■ EXERCISE DETAILS:
Could you print, exactly and without pictures, only the lines from the one with "Medtronic: Safety Alert on ICDs" through the end of the records below?

Data extracted from a collection
- Opening Delimiter -

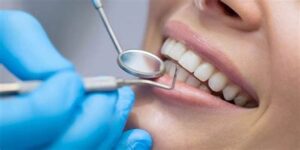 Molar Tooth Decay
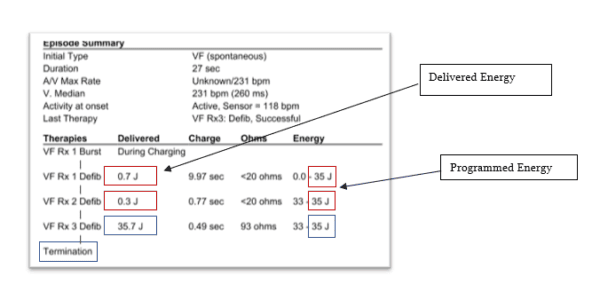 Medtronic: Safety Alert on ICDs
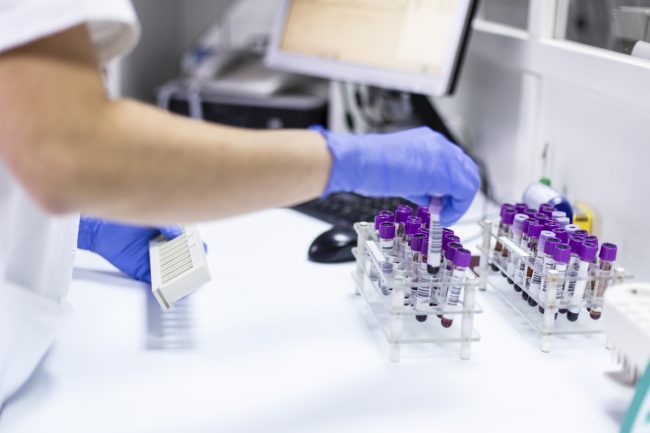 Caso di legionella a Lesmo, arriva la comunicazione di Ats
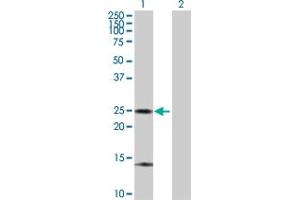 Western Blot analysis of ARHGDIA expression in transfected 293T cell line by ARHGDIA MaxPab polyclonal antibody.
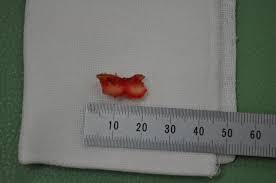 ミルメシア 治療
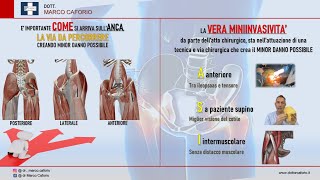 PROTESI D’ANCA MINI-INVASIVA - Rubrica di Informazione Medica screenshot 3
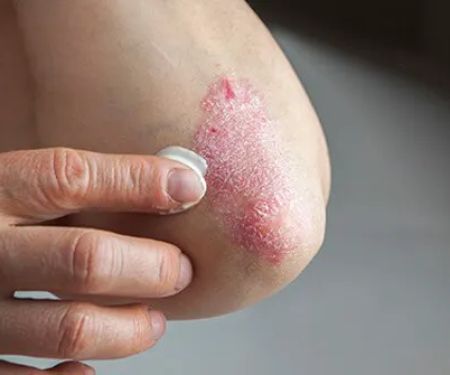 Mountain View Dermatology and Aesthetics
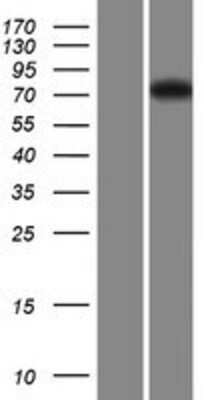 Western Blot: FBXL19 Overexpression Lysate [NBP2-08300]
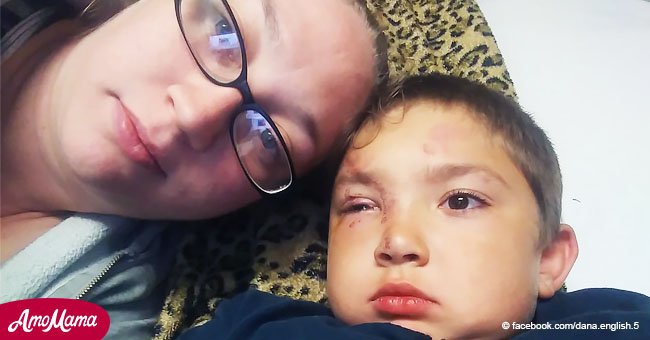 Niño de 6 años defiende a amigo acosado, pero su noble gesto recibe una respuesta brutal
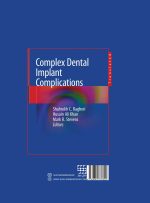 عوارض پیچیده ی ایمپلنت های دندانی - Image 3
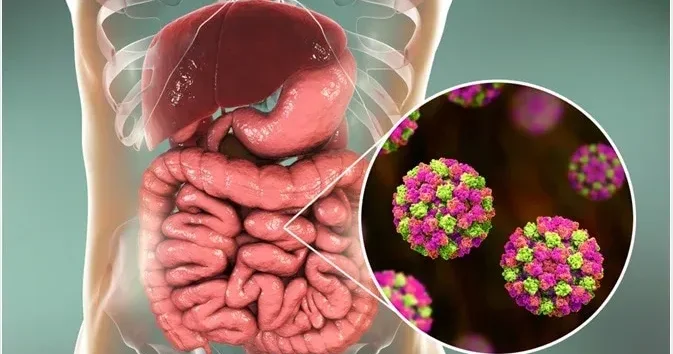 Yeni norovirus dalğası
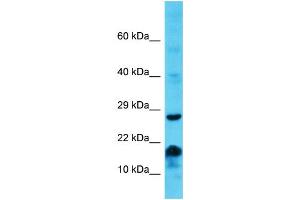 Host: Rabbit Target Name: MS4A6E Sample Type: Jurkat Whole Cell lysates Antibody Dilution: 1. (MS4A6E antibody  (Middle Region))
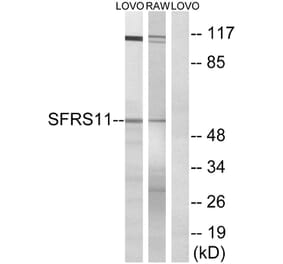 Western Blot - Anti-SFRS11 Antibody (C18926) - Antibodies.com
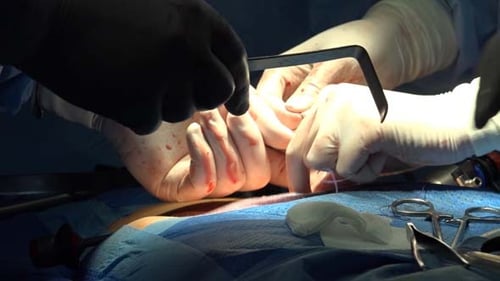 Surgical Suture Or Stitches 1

- Closing Delimiter -

■ YOUR SOLUTION:
 Medtronic: Safety Alert on ICDs
 Caso di legionella a Lesmo, arriva la comunicazione di Ats
 Western Blot analysis of ARHGDIA expression in transfected 293T cell line by ARHGDIA MaxPab polyclonal antibody.
 ミルメシア 治療
 PROTESI D’ANCA MINI-INVASIVA - Rubrica di Informazione Medica screenshot 3
 Mountain View Dermatology and Aesthetics
 Western Blot: FBXL19 Overexpression Lysate [NBP2-08300]
 Niño de 6 años defiende a amigo acosado, pero su noble gesto recibe una respuesta brutal
 عوارض پیچیده ی ایمپلنت های دندانی - Image 3
 Yeni norovirus dalğası
 Host: Rabbit Target Name: MS4A6E Sample Type: Jurkat Whole Cell lysates Antibody Dilution: 1. (MS4A6E antibody  (Middle Region))
 Western Blot - Anti-SFRS11 Antibody (C18926) - Antibodies.com
 Surgical Suture Or Stitches 1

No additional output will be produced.